Response Times, The Exponential Distribution and Poisson Processes
I’m currently reading Luce’s “Response Times”. If you don’t know anything about response times, they are very easily defined: a response time is the length of time it takes a person to respond to a simple request, measured from the moment when the request is made to the moment when the person’s response is recorded. In principle, you can measure response times when asking people to indicate that they’ve heard a tone as easily as you can measure them when you’ve asked people to solve a problem in calculus.
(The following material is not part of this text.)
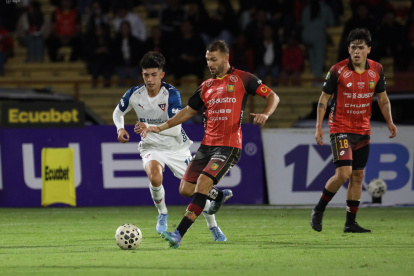 Deportivo Cuenca busca salir de la parte baje de la tabla de la LigaPro 2026.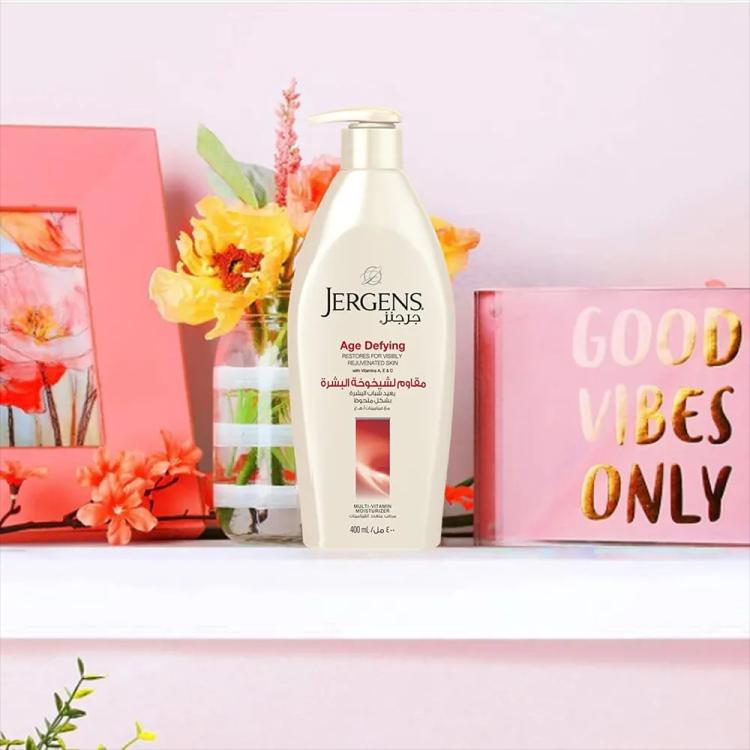 Jergens Age Defying Multi-Vitamin Moisturizer - 400 ml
In practice, response times are most easily analyzed when the task a person is performing is so short that the person completing it can usually be assumed not to be performing other tasks simultaneously.
To convince non-psychologists that response times are a quantity worth measuring, I’ll give an example from my own work that I suspect is widely generalizable. I consistently find that the quality of data I can extract from Mechanical Turk HIT’s grows considerably if I simply weight each person’s responses by a function of their time to complete the HIT. For one recent task, the histogram of task completion times looked like the following:
As you can obviously see, there are two noticeable clusters of participants for this HIT: a substantial chunk who spent shockingly little time on the task and a large majority of people who spent a longer and more variable period of time performing the task. In this case, completely excluding those who completed this specific task within ten seconds improved the results of my later analyses considerably at virtually no cost to myself. Other approaches, like using k-means clustering, mixture modeling or simple quantile cut-offs, can be equally useful. In general, response times are a useful proxy for the amount of effort a person puts into a task.
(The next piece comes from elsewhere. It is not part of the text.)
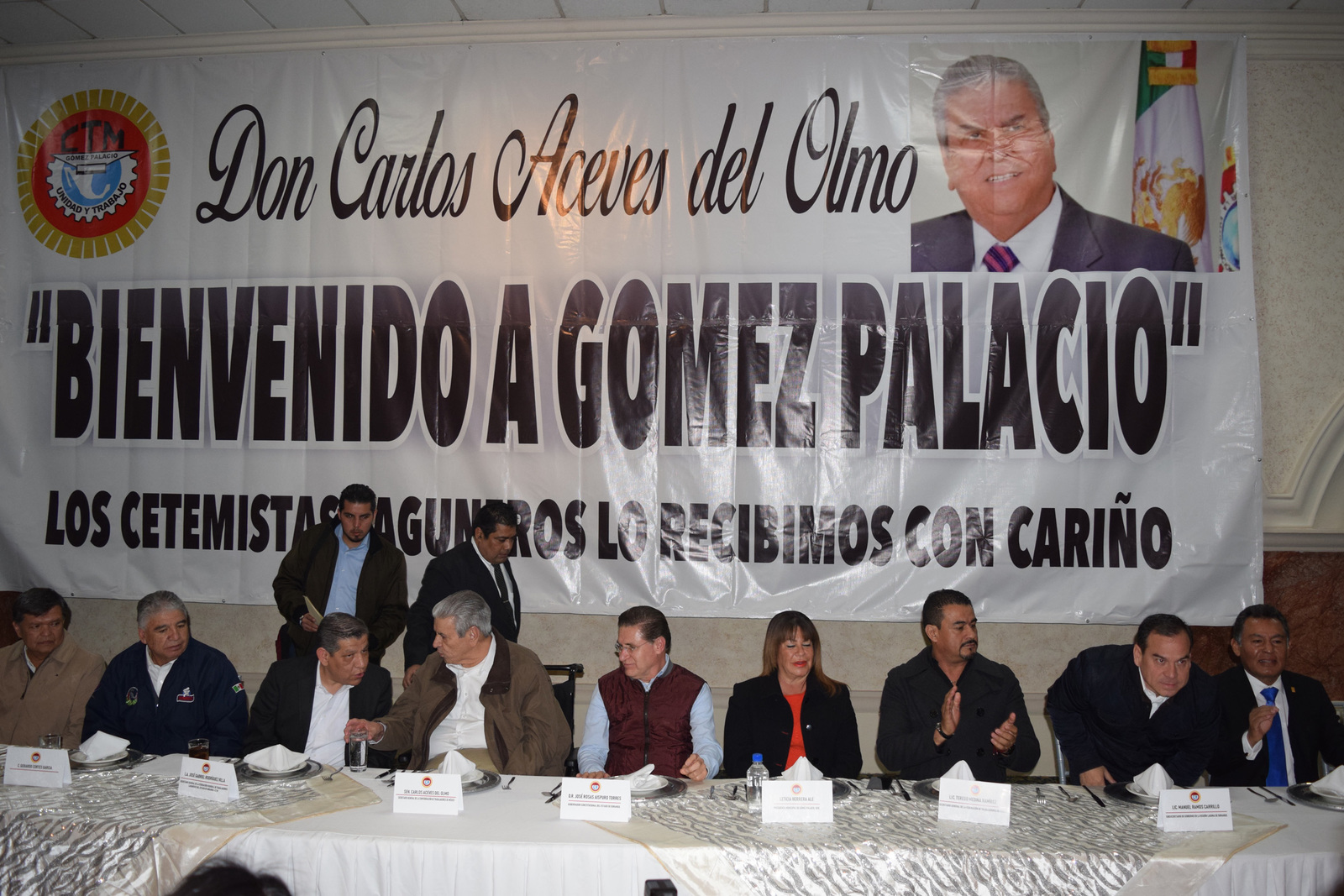 La convivencia fue encabezada por el líder nacional de la CTM, Carlos Aceves; el gobernador José Aispuro y la alcaldesa. (EL SIGLO DE TORREÓN)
Hopefully that example convinces you that reaction times are worth studying carefully. If you’re interested, I strongly recommend Luce’s book as an introduction to the use of response times to infer information about the mental state of specific human beings and about the global architecture of the human mind in general. It’s quite long, so many people would probably gain the most from only reading the first few chapters.
In the rest of this post, I’m going to discuss a detail about the measurement of response times that I found particularly beautiful and insightful. Specifically, I was struck by a point that Luce raises in the second chapter of his book: the proper measurement of response times requires the use of an experimental design that employs the exponential distribution to produce a Poisson process of stimuli. That’s probably opaque to most readers, so let me unpack it:
- Our Objective: We want to estimate the speed with which a normal person can respond to a stimulus.
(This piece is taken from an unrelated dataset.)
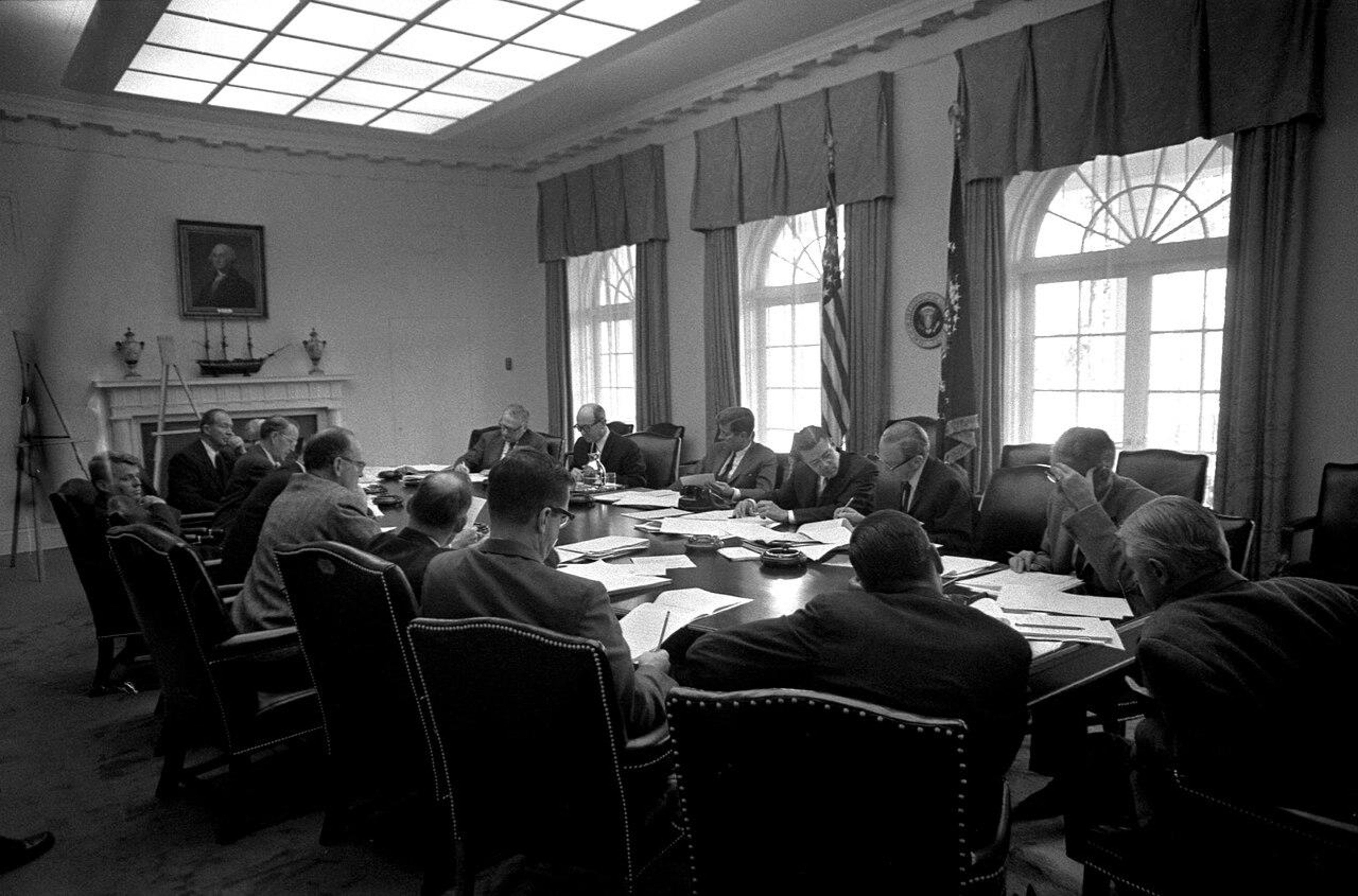 Riunione alla Casa Bianca durante l’amministrazione Kennedy: un gruppo di decisori riuniti attorno a un tavolo discute una scelta strategica, esempio emblematico delle dinamiche di groupthink. Fonte: JFK Presidential Library – Public Domain.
- Our High-Level Method: We present subjects with a train of simple sensory stimuli, like 10 dB tones, and ask them to respond as quickly as possible to each by pressing a button. We record the time from the onset of the tone to the moment when they press the button.
- Our Challenge: The length of time before a stimulus is presented must be randomly distributed, so that subjects cannot adopt a fixed strategy for timing their responses. More importantly, we must insure that the mere act of waiting for a stimulus is not itself informative: the subject should not be able to notice that the arrival of a stimulus is becoming progressively more or less likely as the time they’ve been waiting grows. This means that a naive sampling distribution for waiting times before presenting a stimulus, like the uniform distribution, is simply not acceptable.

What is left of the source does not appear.